Il saisit dans ses mains de colosse le grand corps de Jean, le dressa
et le coucha en travers sur sa selle pour le reporter au château; puis
il se remit en marche doucement, l'esprit troublé comme s'il était
gris, poursuivi par des images horribles et surprenantes.
 
Et, brusquement, dans le sentier qu'envahissait la nuit, une grande
forme passa. C'était la bête. Une secousse d'épouvante agita le
chasseur; quelque chose de froid, comme une goutte d'eau, lui glissa le
long des reins, et il fit, ainsi qu'un moine hanté du diable, un grand
signe de croix, éperdu à ce retour brusque de l'effrayant rôdeur. Mais
ses yeux retombèrent sur le corps inerte couché devant lui, et soudain,
passant brusquement de la crainte à la colère, il frémit d'une rage
désordonnée.
 
Alors il piqua son cheval et s'élança derrière le loup.
 
Il le suivait par les taillis, les ravines et les futaies, traversant
des bois qu'il ne reconnaissait plus, l'œil fixé sur la tache blanche
qui fuyait dans la nuit descendue sur la terre.
 
Son cheval aussi semblait animé d'une force et d'une ardeur inconnues.

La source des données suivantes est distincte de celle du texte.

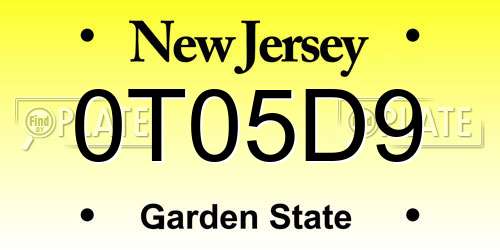 0T05D9 New Jersey License Plate
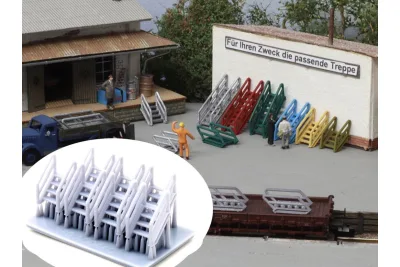 Modellbahn Union H0-A00440: H0 Stahltreppe 4 Stufen 7x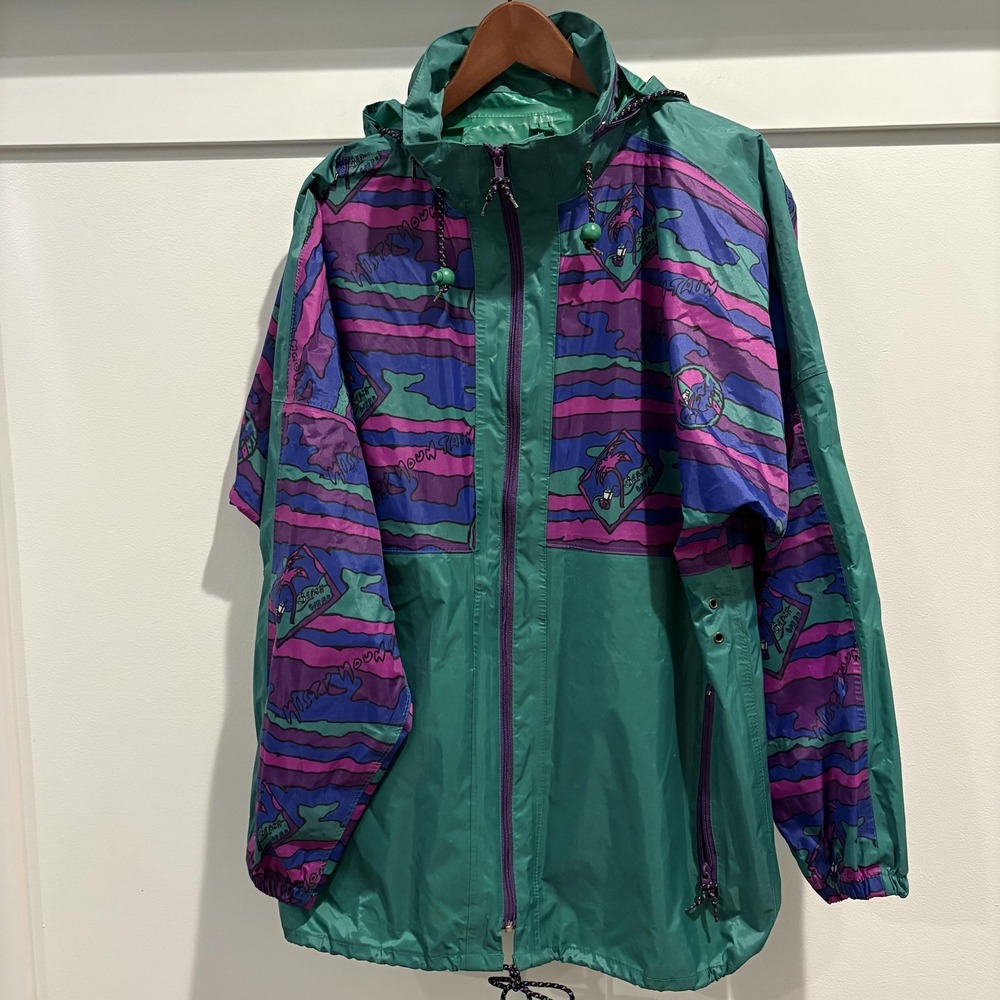 Vintage Misty Mountain Jacket Small Colorblock Outdoor Windbreaker Beach 90s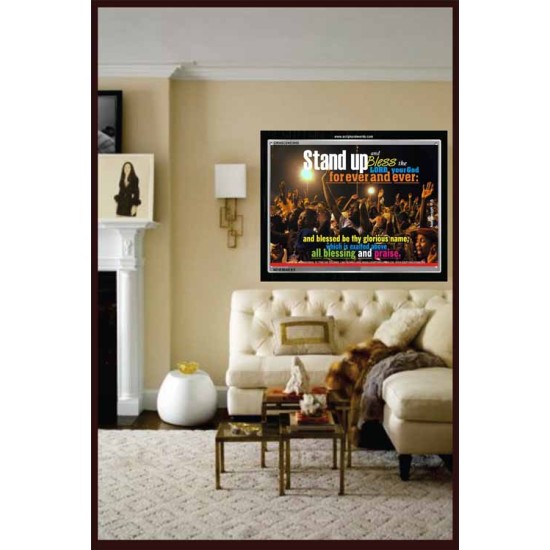 ALL BLESSING AND PRAISE   Frame Scriptural Wall Art   (GWASCEND3555)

Il galopait le cou tendu, droit devant lui, heurtant aux arbres, aux
rochers, la tête et les pieds du mort jeté en travers sur la selle. Les
ronces arrachaient les cheveux; le front, battant les troncs énormes,
les éclaboussait de sang; les éperons déchiraient des lambeaux d'écorce.
 
Et, soudain, l'animal et le cavalier sortirent de la forêt et se
ruèrent dans un vallon, comme la lune apparaissait au-dessus des monts.
Ce vallon était pierreux, fermé par des roches énormes, sans issue
possible; et le loup acculé se retourna.
 
François alors poussa un hurlement de joie que les échos répétèrent
comme un roulement de tonnerre, et il sauta de cheval, son coutelas à
la main.
 
La bête hérissée, le dos rond, l'attendait; ses yeux luisaient comme
deux étoiles. Mais, avant de livrer bataille, le fort chasseur,
empoignant son frère, l'assit sur une roche, et, soutenant avec des
pierres sa tête qui n'était plus qu'une tache de sang, il lui cria dans
les oreilles, comme s'il eût parlé à un sourd: «Regarde, Jean, regarde ça!»